Thanks for posting! Do you mean life expectancies?
posted by olopua at 9:53 AM on December 19, 2017


Yes, yes I do. (Just another reminder to myself to not rush while posting.)
posted by filthy light thief at 10:03 AM on December 19, 2017 [1 favorite]


Edited!
posted by LobsterMitten at 10:05 AM on December 19, 2017 [2 favorites]


Thanks! And done before the edit window closed on my prior comment, you're fast!
posted by filthy light thief at 10:07 AM on December 19, 2017


Thanks! This is relevant to my interests.
posted by greermahoney at 10:10 AM on December 19, 2017


MA's policy isn't as on point as this, but it's in the right direction: to get Commonwealth support, retirement homes have to be walking distance to a town center with businesses and bus lines.
posted by ocschwar at 10:24 AM on December 19, 2017 [1 favorite]


I heard the NPR piece on this in Chicago and thought in passing that it was a good idea - but shucks, I don't live in chicago.
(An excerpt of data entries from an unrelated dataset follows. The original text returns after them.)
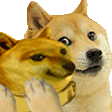 dogeandcheemssin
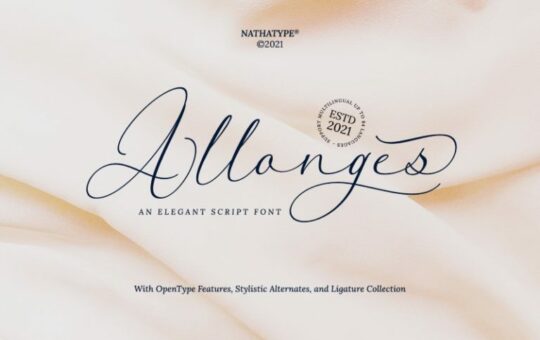 Allonges-Calligraphy-Font-1.jpg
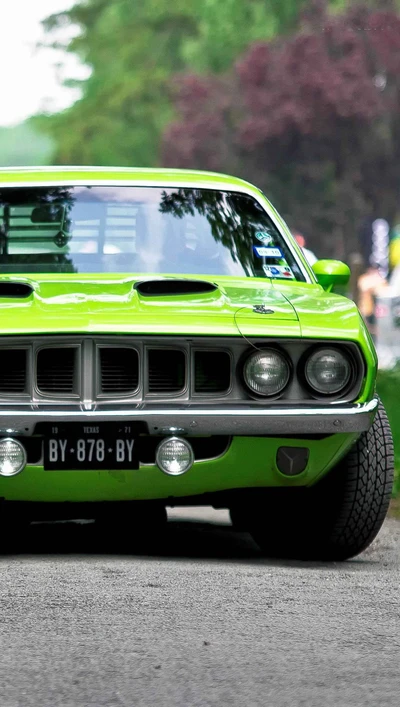 car, classic, green, road, speed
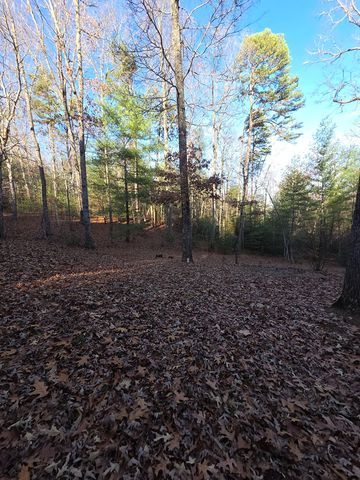 207 Wilderness Way, Blairsville, GA 30512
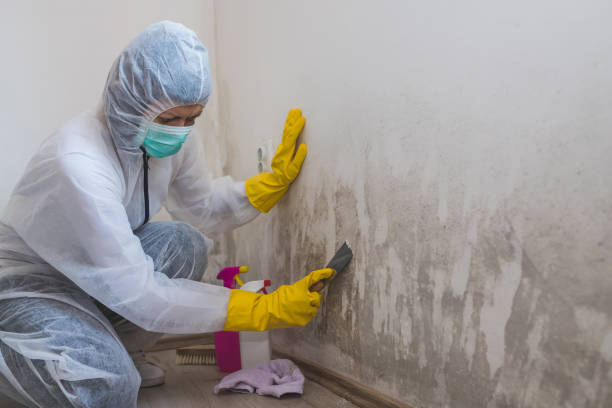 Best Mold Removal Company Near Me  in Ballinger, TX
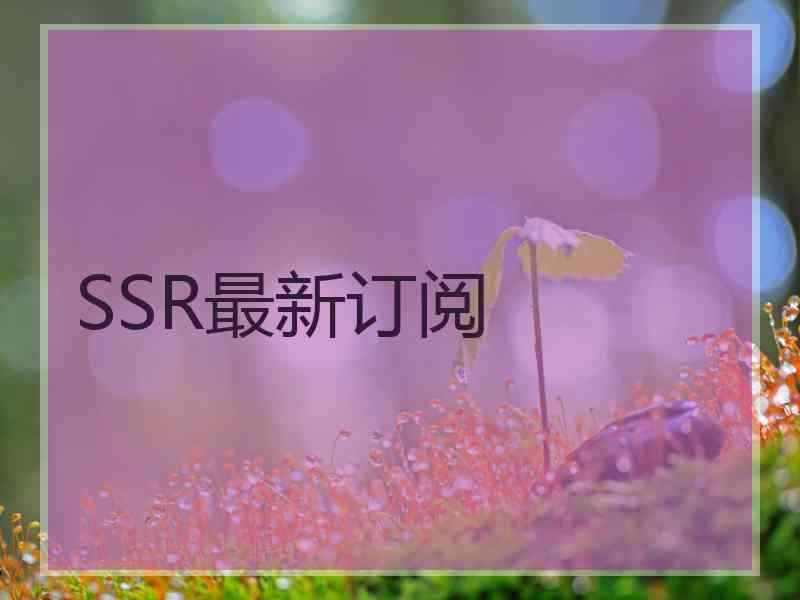 SSR最新订阅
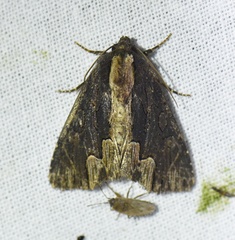 Dypterygia scabriuscula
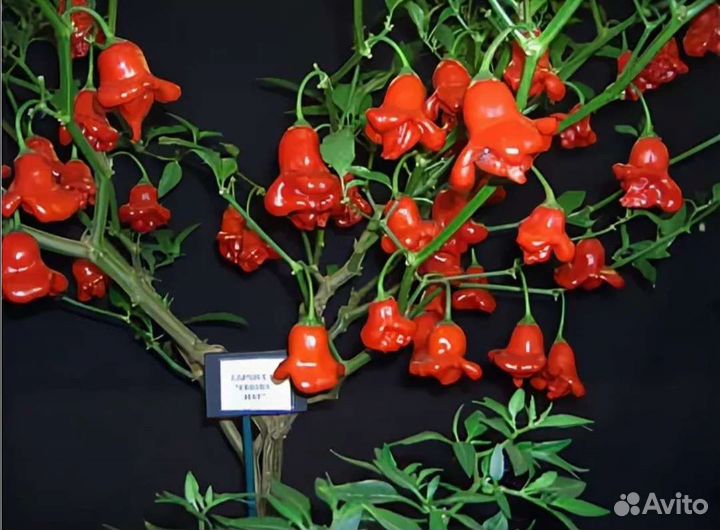 Семена коробочка Перчик фонаррик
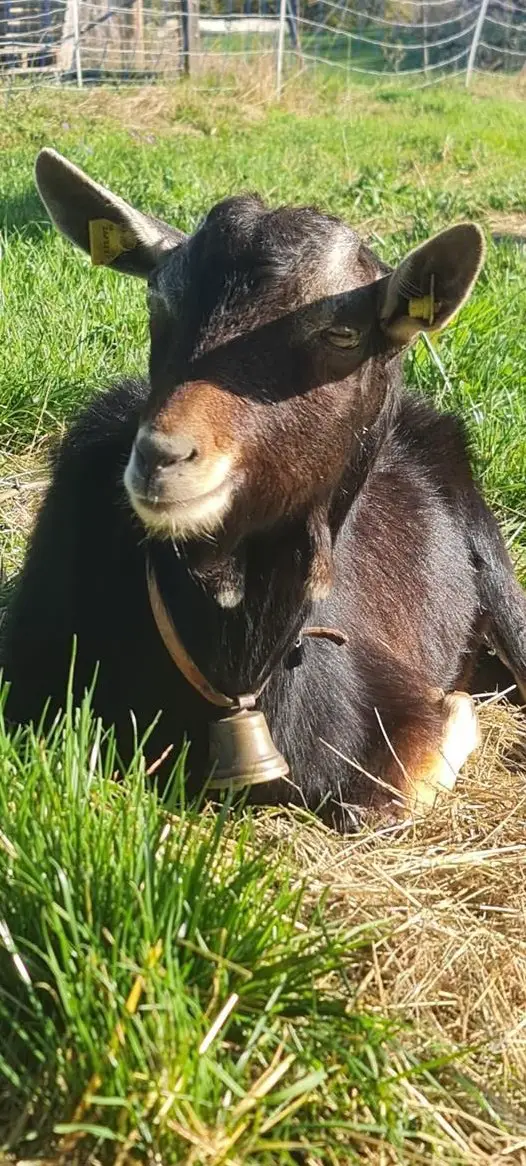 Bündner Strahlenziegen Bock zu verkaufen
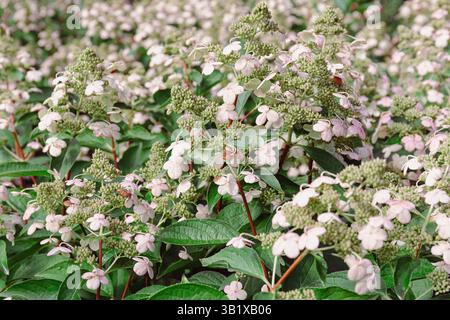 Cluster von Lakecap Hortensien blühen mit zarten rosa Blüten im Garten, blumiger botanischer Hintergrund Stockfoto
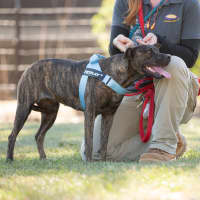 Photo of Maggie
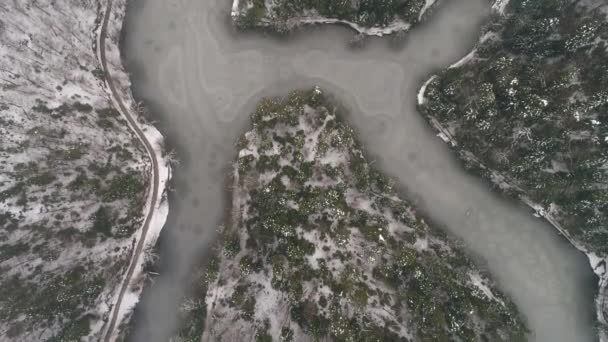 Aerial Shot Frozen Lake Surrounded Forest Winter — Vídeo de Stock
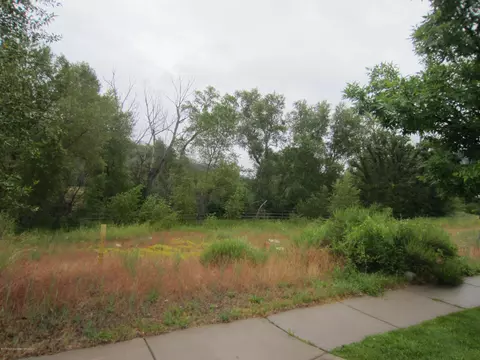 417 Allison Lane Basalt Co 81621 Ln, Basalt, CO 81621 photo 8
but I just checked the main map and discovered not only is there a Village in New York City - it is in my damn neighborhood. I actually may look into some low-key volunteer work now.
posted by EmpressCallipygos at 10:27 AM on December 19, 2017 [4 favorites]


Are villages different from co-housing?
posted by yoga at 10:52 AM on December 19, 2017


I'm in my sixties and plan to retire in a couple of years. I work at a small state university campus that is directly adjacent to a large Sun City gated retirement community. Some of our staff members live there. I've been to people's houses there a few times over the 9 years that I've worked here. It does not appeal to me at all, the houses all look alike, the people are mostly white, and they're all old. Instead I live in a vibrant multicultural multi-generational neighborhood in a city 40 minutes away. I definitely hope to "age in place".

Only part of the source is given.